◆ **Directions for this task**
Output the data word for word, dropping every image.

◆ **Dataset records**
=== Section Start ===

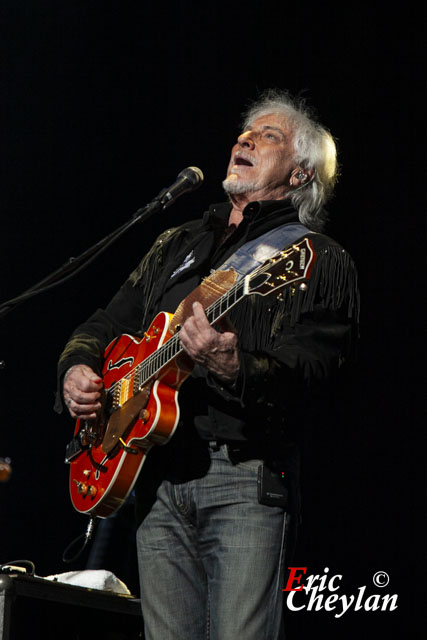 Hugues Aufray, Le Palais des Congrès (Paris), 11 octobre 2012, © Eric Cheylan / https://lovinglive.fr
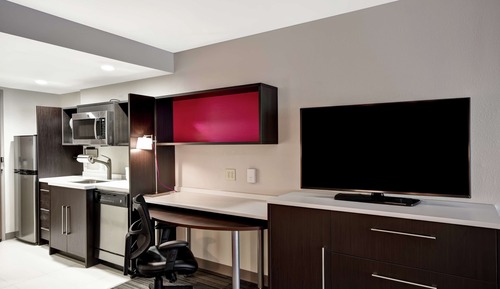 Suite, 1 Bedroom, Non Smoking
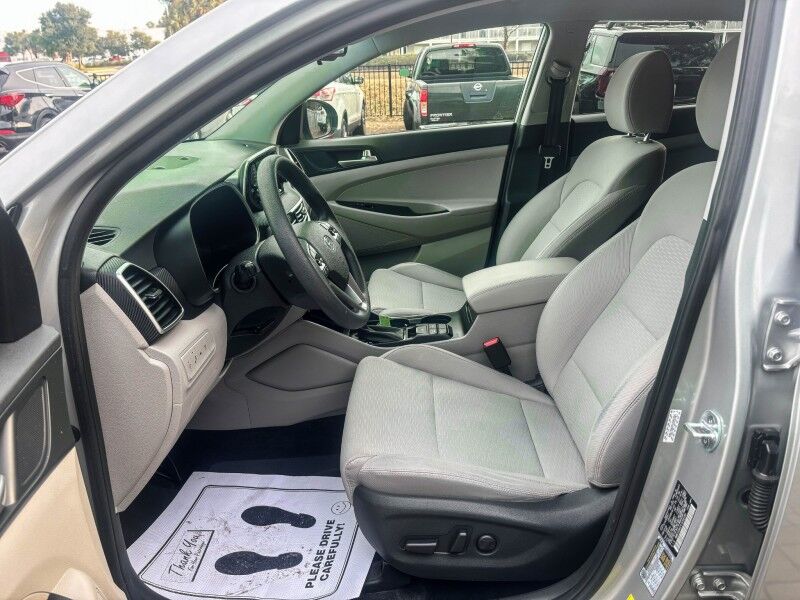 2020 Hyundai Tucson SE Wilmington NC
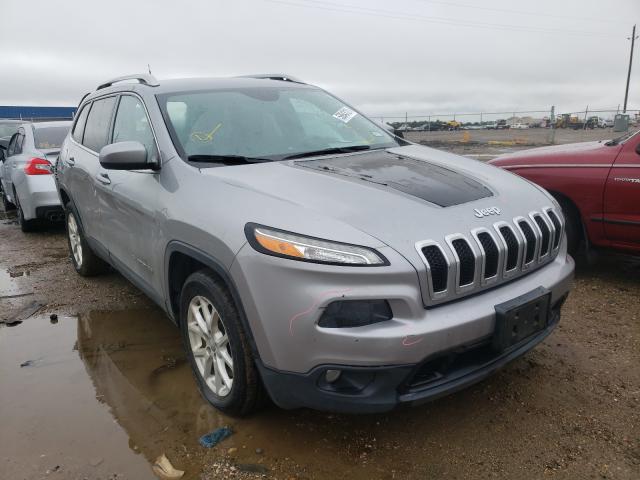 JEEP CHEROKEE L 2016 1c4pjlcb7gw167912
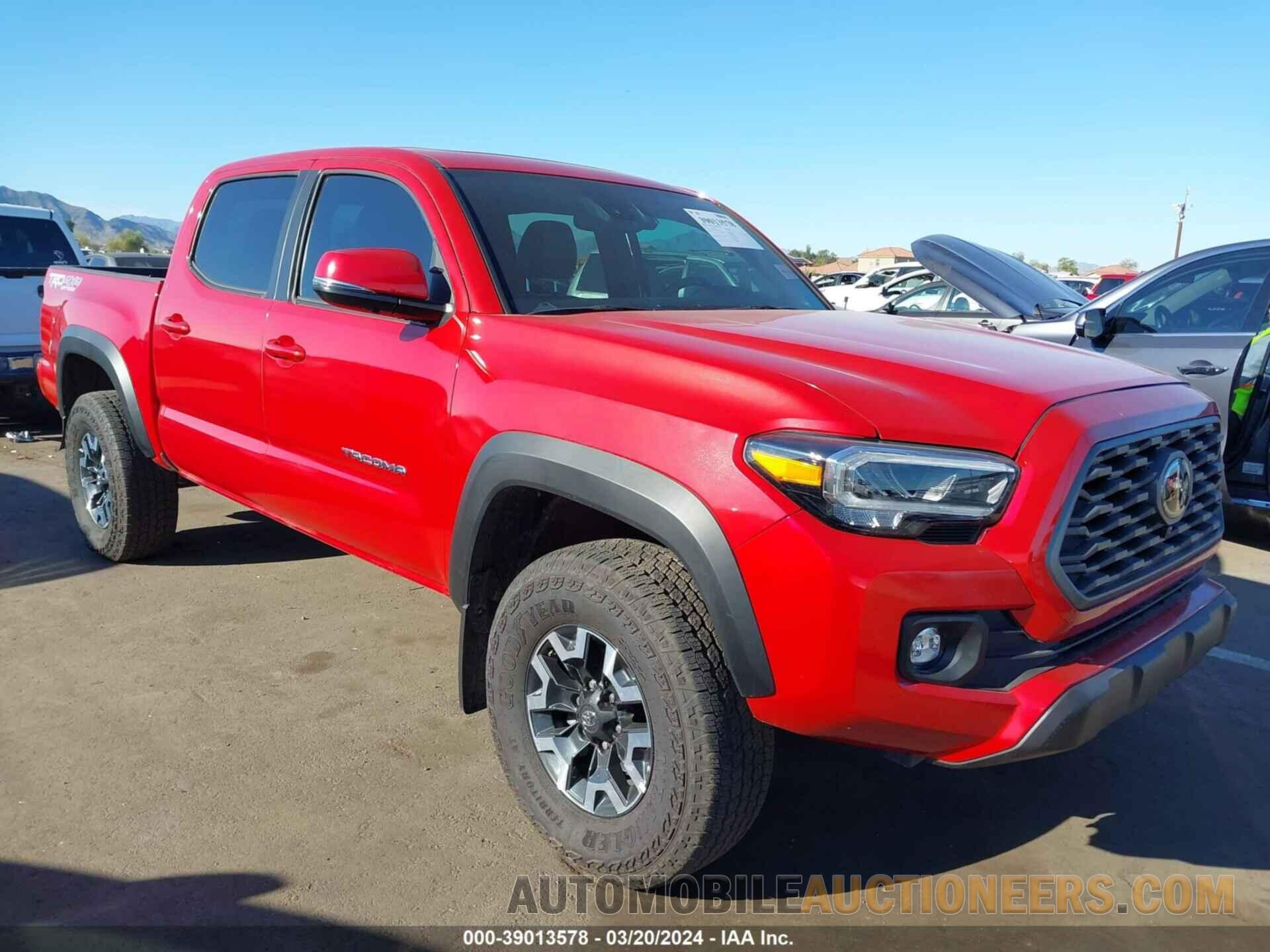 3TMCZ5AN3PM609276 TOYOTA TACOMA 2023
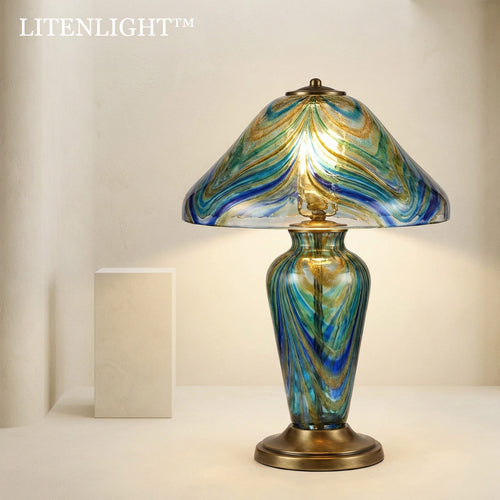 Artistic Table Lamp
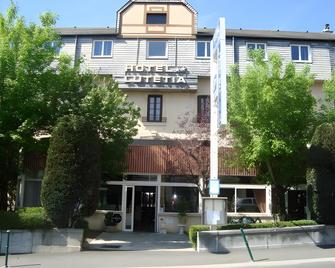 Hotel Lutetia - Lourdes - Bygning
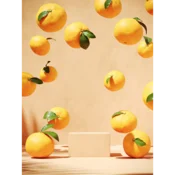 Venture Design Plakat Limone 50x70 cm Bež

=== Section End ===

◆ **Result for this task**
 Hugues Aufray, Le Palais des Congrès (Paris), 11 octobre 2012, © Eric Cheylan / https://lovinglive.fr
 Suite, 1 Bedroom, Non Smoking
 2020 Hyundai Tucson SE Wilmington NC
 JEEP CHEROKEE L 2016 1c4pjlcb7gw167912
 3TMCZ5AN3PM609276 TOYOTA TACOMA 2023
 Artistic Table Lamp
 Hotel Lutetia - Lourdes - Bygning
 Venture Design Plakat Limone 50x70 cm Bež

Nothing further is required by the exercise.